赤羽岩淵駅下車、新荒川大橋を渡っていくと、両側に桜堤が空との境界を分けて遠くに続く。左に行けば100本のソメイヨシノのトンネルの向こうにJR荒川鉄橋、右に行けば水門上の橋を通って中洲の島へ。河川敷にはゴルフ練習場など。

かつてその名の通り、幾多の氾濫を繰り返した荒川の名前の話。今では、青水門が仕切るかつての荒川下流を「隅田川」と呼び、「荒川放水路」と呼ばれた人工河川を「荒川」と言う。その分岐点に、岩淵水門は赤水門と青水門、少し離れて2つの顔で建つ。
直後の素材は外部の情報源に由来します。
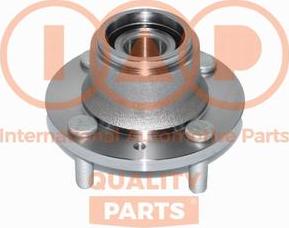 IAP QUALITY PARTS 408-20080K - Главина на колелото vvparts.bg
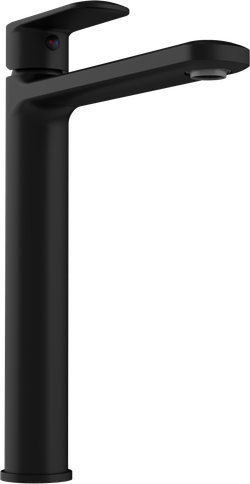 Смеситель для раковины STWORKI Хадстен S17020BK матовый черный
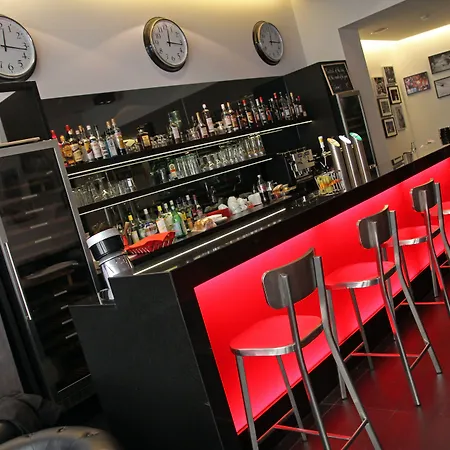 Hotel Grey Lucembursko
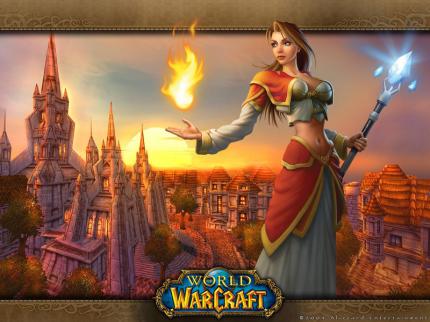 Platz 2: World of Warcraft
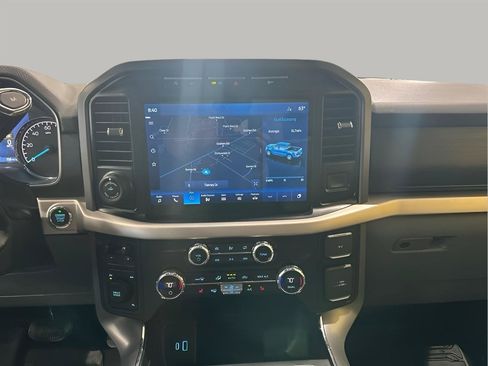 Used 2021 Ford F150 XLT w/ Equipment Group 302A High AWD/4WD image 15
明治期の関東大水害で、政府は荒川治水のために、人工河川「荒川放水路」を構想。パナマ運河の建設にも参加した土木技官の青山士らを責任者に、1913年(大正2)着工するが、苦労は続く。用地買収は1300戸に及び、3つの村が廃村となる。工事中には台風で重機や船舶を流出し,関東大震災では工事中の躯体に亀裂,完成直後の橋梁が崩落し、第一次世界大戦下では不況と物価高騰で難工事を強いられた。

旧水門(赤水門)は着工から8年を要して1924年(大正13)に完成。その後、通船のために一部ゲートが改造施されて以来、地盤沈下や不同沈下が深刻となり、1982年(昭和57) の新水門(青水門)完成に伴ってその役割を終えた。その後取壊しが検討されるも、1995年(平成7)に推薦産業遺産に、1999年(平成11)には東京都選定歴史的建造物となり、荒川のシンボルとなった。

春には花見で賑わう場所。堤に沿って帯状に桜が続くため、宴席が集中することは少なく、適当な距離が保てる。地元民のジョギングやサイクリングと動線の交錯あり。

撮影条件等:商用撮影は10日前までに申請要。個人は不要。水門施設内立入り不可。仮設トイレあり。ゴミ持ち帰り。